In some embodiments, at operation 130, the training data set 124 and machine learning algorithms 128 to be evaluated may be used to construct machine learning models 132. In these and other embodiments, a number of and types of the machine learning algorithms 128 to be evaluated may be based on the data included in the data set 102 and/or the target variables 104. The number of machine learning algorithms 128 to be evaluated may be based on the number of machine learning algorithms that are configured to be applied to the type of data in the data set 102 and/or the type of data in the target variables 104. Alternately or additionally, the number of machine learning algorithms 128 to be evaluated may be based on the operational flow 100, such as a processing power, processing time, or other limitations of the device or system configured to perform the operational flow 100. In these and other embodiments, the number of machine learning algorithms 128 to be evaluated may range between two and a thousand.

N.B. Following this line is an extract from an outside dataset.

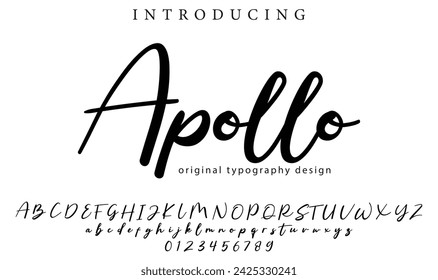 Apollo. Handdrawn calligraphic vector font for hand drawn messages. Modern gentle calligraphy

In some embodiments, one or more of the machine learning models 132 may be constructed for each of the machine learning algorithms 128 to be evaluated. For example, the training data set 124 may be provided to one of the machine learning algorithms 128 to generate a machine learning model that corresponds to the one of the machine learning algorithms 128. In these and other embodiments, the machine learning models 132 may be trained to predict or determine a value for each of the target variables 104 given values for others features in the data set 102.
In some embodiments, a machine learning model that is generated using a single one of the machine learning algorithms 128 may be referred to in this disclosure as singular machine learning model. In these and other embodiments, the training data set 124 is applied to single one of the machine learning algorithms 128 to generate a singular machine learning model. In these and other embodiments, one or more of the machine learning models 132 may be singular machine learning models.
Alternately or additionally, a machine learning model may be constructed during the operation 130 based on multiple of the machine learning algorithms 128. The machine learning model generated based on multiple of the machine learning algorithms 128 may be referred to in this disclosure as ensemble machine learning models. For example, the ensemble machine learning models may be constructed by mathematically combining the outputs from multiple of the singular machine learning models.
In some embodiments, the machine learning models 132 may include one or more ensemble machine learning models. In these and other embodiments, the difference between the ensemble machine learning models may be based on how the ensemble machine learning models combine the outputs from the machine learning modules included in the ensemble machine learning model.
In some embodiments, the machine learning models 132 constructed during operation 130 may include more models than the machine learning algorithms 128 includes algorithms based on a number of ensemble machine learning models included in the machine learning models 132. For example, when the machine learning models 132 include no ensemble machine learning models, the machine learning models 132 may include a same number of models as algorithms in the machine learning algorithms 128. In these and other embodiments, the machine learning models 132 may include any combination of ensemble and singular machine learning models.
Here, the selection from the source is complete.